17/09/2007

Aboukh e as coisas importantes

Cheguei ao refeitório para jantar. O ajudante de cozinha, que mais tarde vim a saber chamar-se Aboukh, indicou-me os vários pratos que tínhamos à disposição nesse dia, dizendo os nomes dos alimentos em português e acompanhando-os com o dedo:
- Frango, peixe, batatas, arroz, merda.
Nessa altura, através deste rapaz árabe, comecei a aperceber-me de que, por mais que as nossas culturas tenham diferenças, estas serão sempre superadas pelas semelhanças humanas que partilhamos: quanto mais não seja, a piada em aprender palavrões noutras línguas.

Sexta-feira – de um modo geral porque nem sempre – é o dia de descanso, o que significa que a noite de quinta-feira é mais comprida que as outras. O jantar prolonga-se ao ritmo da conversa, a conversa prolonga-se ao ritmo da cerveja e a atmosfera é indubitavelmente mais leve. Às vezes, há enchidos ou bacalhau, duas coisas que não existem em Tamanrasset e mesmo em Argel não se encontram em qualquer lado. A presença desse tipo de víveres aqui deve-se a alguns portugueses que, quando regressam das férias em Portugal, trazem a mala cheia deles. Depois, os patrícios juntam-se à volta de uma mesa e come-se do que houver. Numa dessas vezes – aquela em que, desde que cá estou, se juntou mais gente à volta da mesa – o Aboukh estava a trabalhar na cozinha. Servindo-nos as cervejas, imitou os trejeitos de alguns portugueses numa mímica desajeitada acompanhada de palavrões em português. Fez rir toda a gente.

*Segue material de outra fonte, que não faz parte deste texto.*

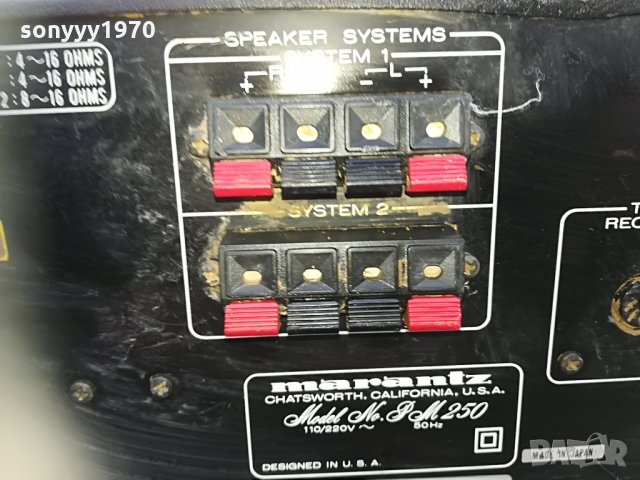 MARANTZ DECK & AMPLI-ВНОС GERMANY 1408211359, снимка 17 - Ресийвъри, усилватели, смесителни пултове - 33814141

O Aboukh é muito apreciado pelos portugueses devido ao seu bom humor constante. Não é preciso falar em francês com ele: percebe praticamente tudo o que se lhe diz em português, incluindo palavrões e insultos. E quando o insultamos em árabe, ele insulta-nos em português: é simples. Por vezes, quando o tentamos convencer a comer enchidos de porco e a beber álcool, ele sorri, aponta o dedo para o céu e chama-nos nomes. Sem o saber, tem uma forma elegante de nos fazer prestar atenção aos valores dos árabes.

Podia dizer que gosto do Aboukh por ter simpatia e bom humor, mas estaria a mentir. A verdade é que gosto do Aboukh por ter uma família de treze pessoas que vive do seu ordenado e, agora sim, simpatia e bom humor.

Dizia eu há bocado que, por mais que as nossas culturas tenham diferenças, estas serão sempre superadas pelas semelhanças humanas que partilhamos. Toda a gente sabe isto, e toda a gente esquece. Mas graças ao Aboukh, não só compreendi para sempre que há, de facto, valores universais, como também já sei dizer ‘merda’ em árabe. É ‘khra’.